PROVIDED MATERIAL Block Start

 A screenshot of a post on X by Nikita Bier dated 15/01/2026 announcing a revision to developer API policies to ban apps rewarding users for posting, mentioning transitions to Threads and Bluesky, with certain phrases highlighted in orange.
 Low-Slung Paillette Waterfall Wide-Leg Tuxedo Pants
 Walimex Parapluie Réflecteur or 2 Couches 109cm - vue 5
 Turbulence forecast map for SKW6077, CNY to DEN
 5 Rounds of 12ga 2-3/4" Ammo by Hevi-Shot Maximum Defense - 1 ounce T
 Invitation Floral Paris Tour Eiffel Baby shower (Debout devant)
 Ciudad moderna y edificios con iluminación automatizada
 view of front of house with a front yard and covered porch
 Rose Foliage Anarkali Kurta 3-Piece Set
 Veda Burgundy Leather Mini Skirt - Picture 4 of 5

PROVIDED MATERIAL Block End
PROVIDED MATERIAL Block Start

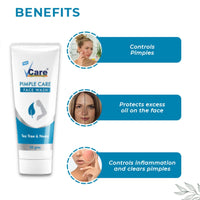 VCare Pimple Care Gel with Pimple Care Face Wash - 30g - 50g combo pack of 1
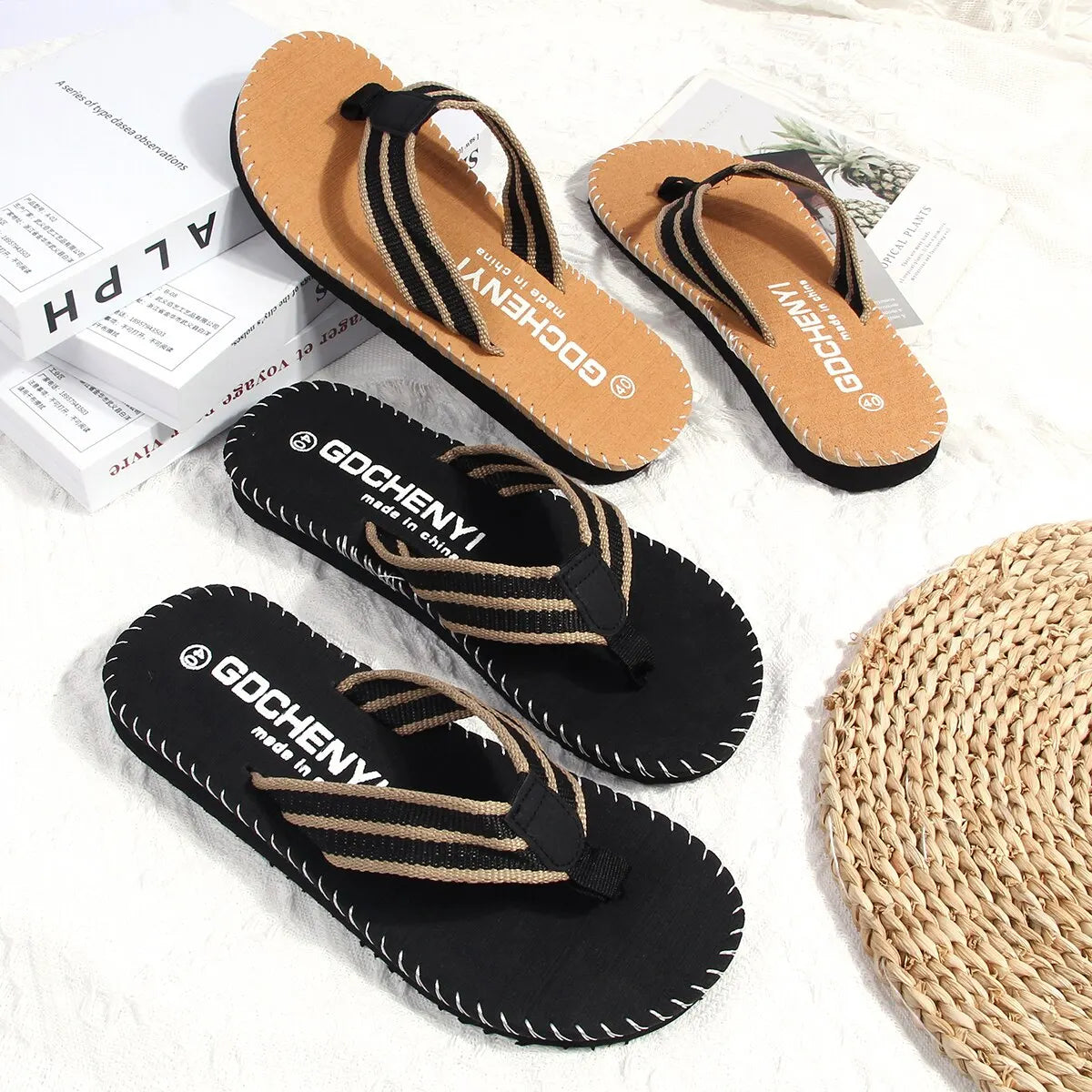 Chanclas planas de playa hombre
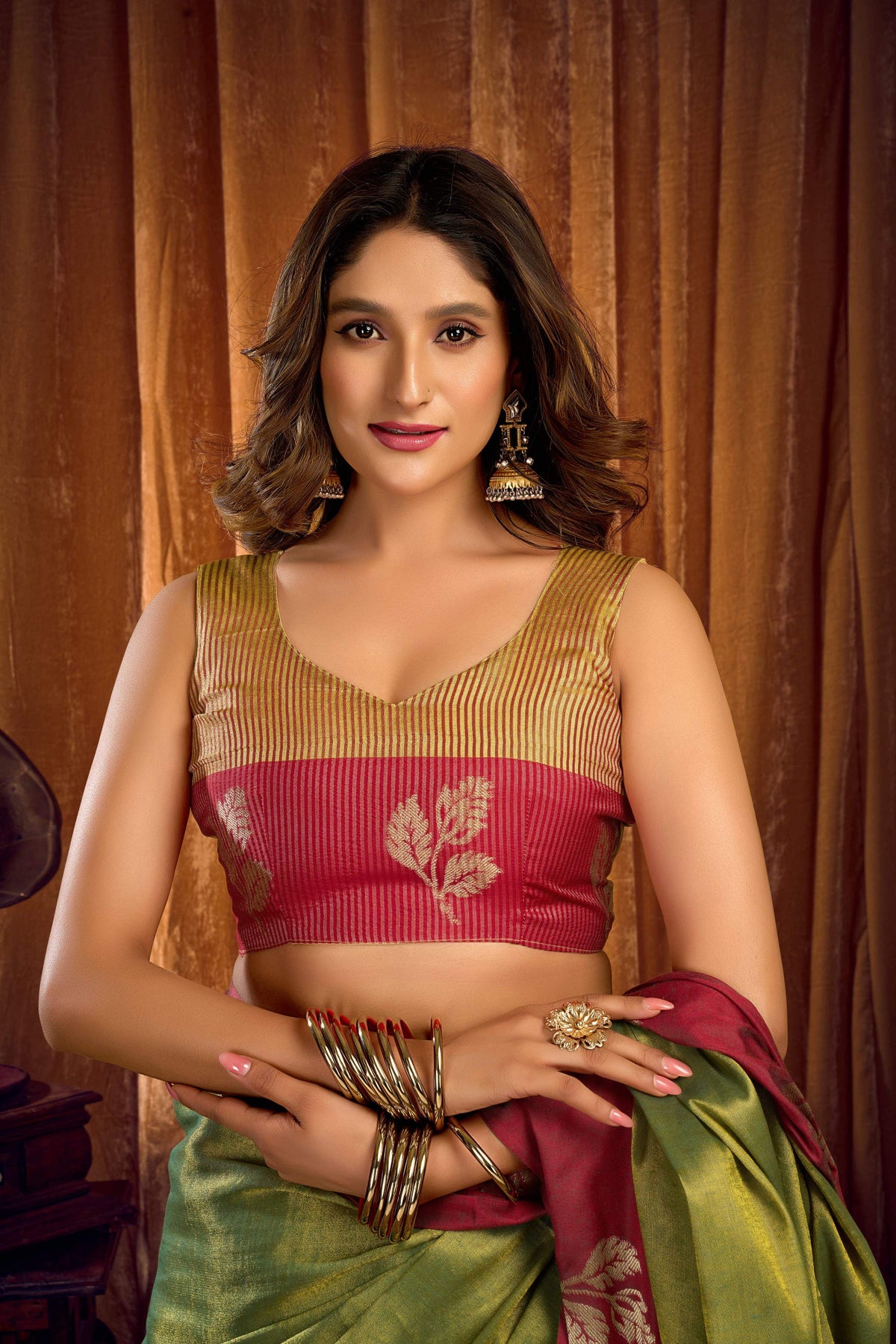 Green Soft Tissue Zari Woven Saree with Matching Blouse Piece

PROVIDED MATERIAL Block End

WHAT TO DO: In the listing above, start at the line with "Rose Foliage Anarkali Kurta 3-Piece Set", go on through the line with "Veda Burgundy Leather", and copy each of those lines exactly; leave out all the rest.

REPLY TO THE TASK:
 Rose Foliage Anarkali Kurta 3-Piece Set
 Veda Burgundy Leather Mini Skirt - Picture 4 of 5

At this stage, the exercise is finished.